Well, if there's one thing that jumps off the pages of this year's Spudman survey it's the wide range of responses for how growers fared in the 2011 season.
Seems as if almost everyone started with a cold, wet spring and while some reported a "good growing season" or "good field, good quality." Just as many reported "terrible, wet spring, couldn't plant ‘til May ... Two hurricanes and about 20-plus inches of rain ... we may not get to finish digging these potatoes" or even worse "our potato crop was a total loss" and another third reported an "average" crop.
It was that kind of a year across the nation and this was reflected in Spudman's third annual industry survey.
A clear majority of respondents come from the fresh sector, with just over 92 percent, 39.9 percent grow for the frozen sector, 44 percent in the chip sector, 52 percent grow seed and 29.4 percent grow for the dehy market.

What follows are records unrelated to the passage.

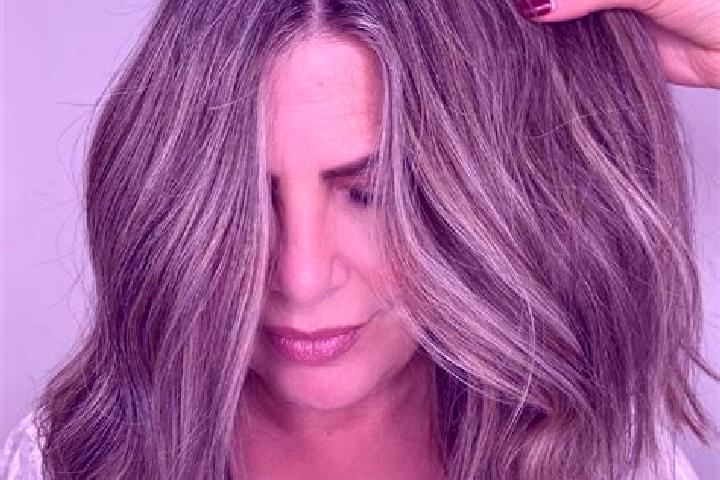 Hazel, 31, a dark blonde grey-eyed middle eastern companion based in Arrens-Marsous. Offering Duos, 69, Couples, Striptease. Available for incall and outcall...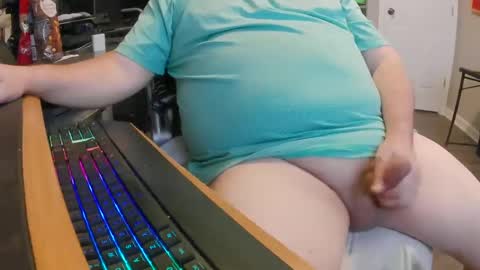 Snapshot of shokcer70 chatting on 02-24-25, 09:09 shokcer70 online show from 02-24-25, 09:09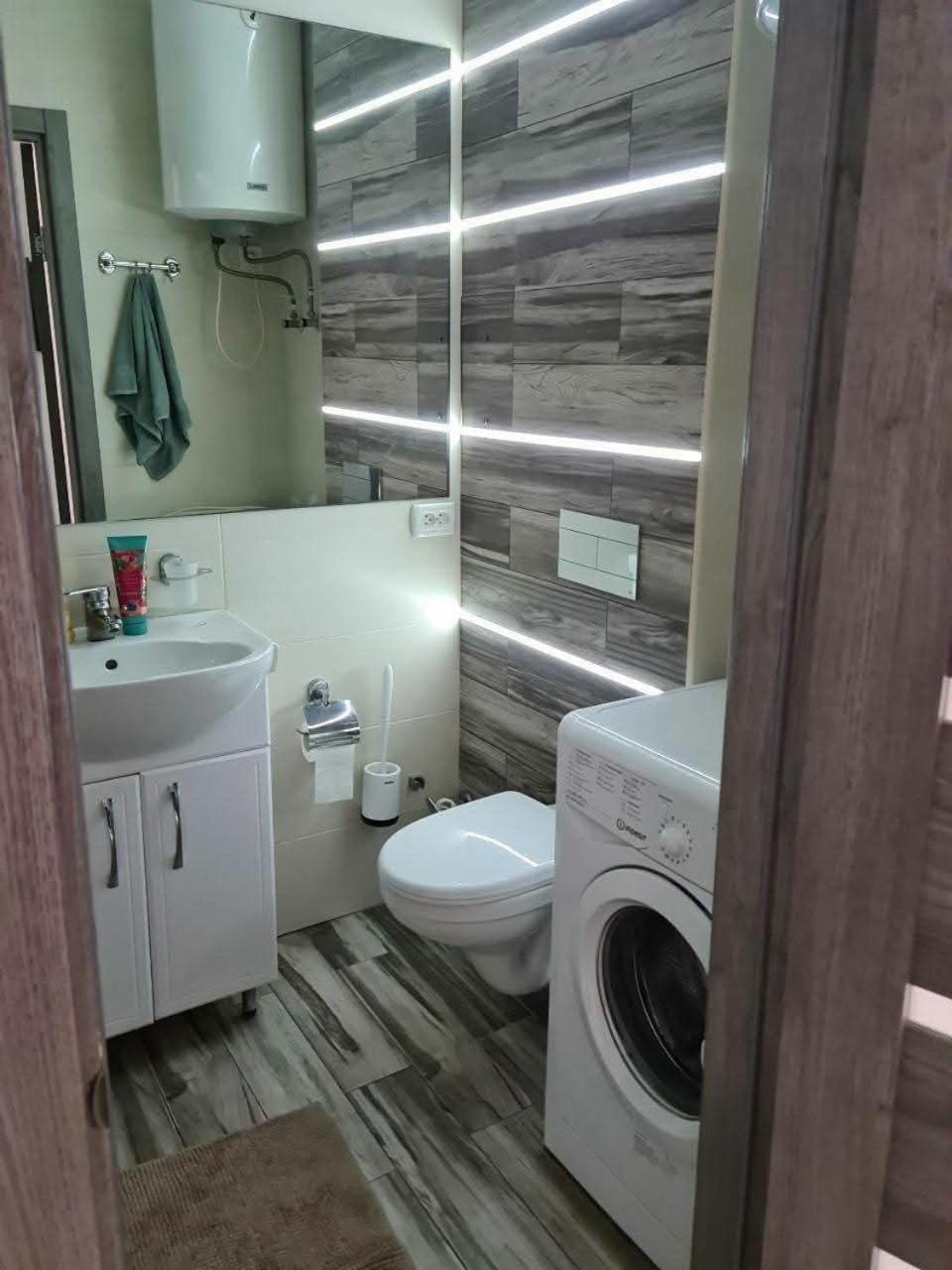 Апартаменти Аркадія Apartment in Odessa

Grower concerns for the 2012 season seem to center around over planting, rising input costs, quality and quantity of seed and climate conditions. Specifically, growers complained about the seeming trend toward cold, wet springs that have been hampering planting conditions during recent years.

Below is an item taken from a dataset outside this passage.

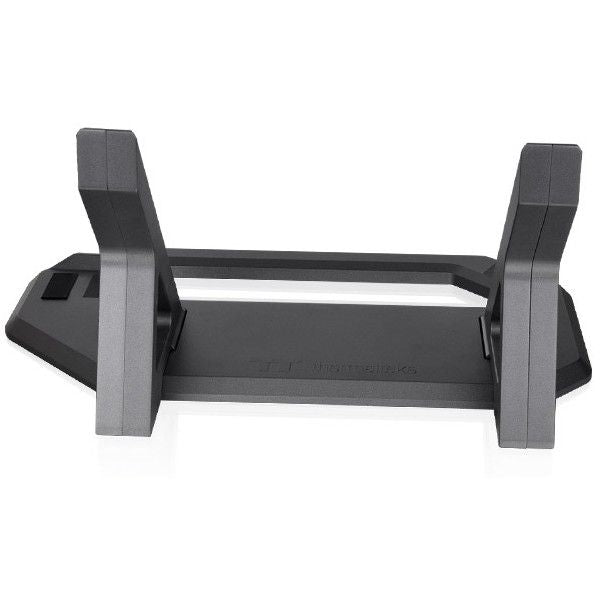 Thermaltake AC-076-ON1NAN-A1 computer case part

Given the concerns over seed it's not surprising that 20 percent of respondents are planning on increasing their seed acreage in 2012. A little disconcerting is the revelation that 16.7 percent of the fresh sector growers are planning on increasing their acreage in the coming year. That may be offset by the 14.8 percent of growers planning on reducing their acres.
Chip growers are planning on increasing their acreage by 11.1 percent, not surprising given the current shortages in the chip sector.

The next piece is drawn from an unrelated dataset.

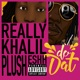 Do Dat Single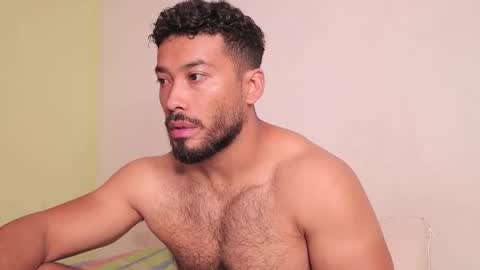 FredSeXXX online show from November 14, 2:16 pm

The top three varieties were: Russet Burbank, Yukon Gold and Norland.
Our pool of growers indicated that their average cost per acre of potatoes was $2,272.88 and their average profit per acre was $1,153.16. They spend 189,164.04 annually for crop protection products and $110,088.88 on equipment.
Except for GPS systems planned equipment purchases are down slightly for the coming year from last year, but not a significantly.
In the coming year 33 percent on purchasing GPS systems, up from last year's figure of 24 percent. Evidence that farmers are seeing value in the GPS technology.
Another indicator of the acceptance of technology on the farm is the 9.8 percent jump seen in mobile and smartphones use as well as an 8 percent increase in text message updates.
More than a 58 percent are planning on purchasing a new or used general-use tractor, a figure just under last years total of 60 percent. Planned purchases of potato handling equipment is down 4.5 percent at 37.5 percent, harvesters, down 6 percent at 18 percent and irrigation equipment down 7 percent at 32 percent.
Probably the most positive statistic in the survey is the fact that 31.6 percent of growers are planning on purchasing land in the coming year. An increase of 6.1 percent from last year's survey. An indicator that U.S. agriculture is holding its own in this economy and that growers are making an investment in their future by securing the means to extend their operations in the future.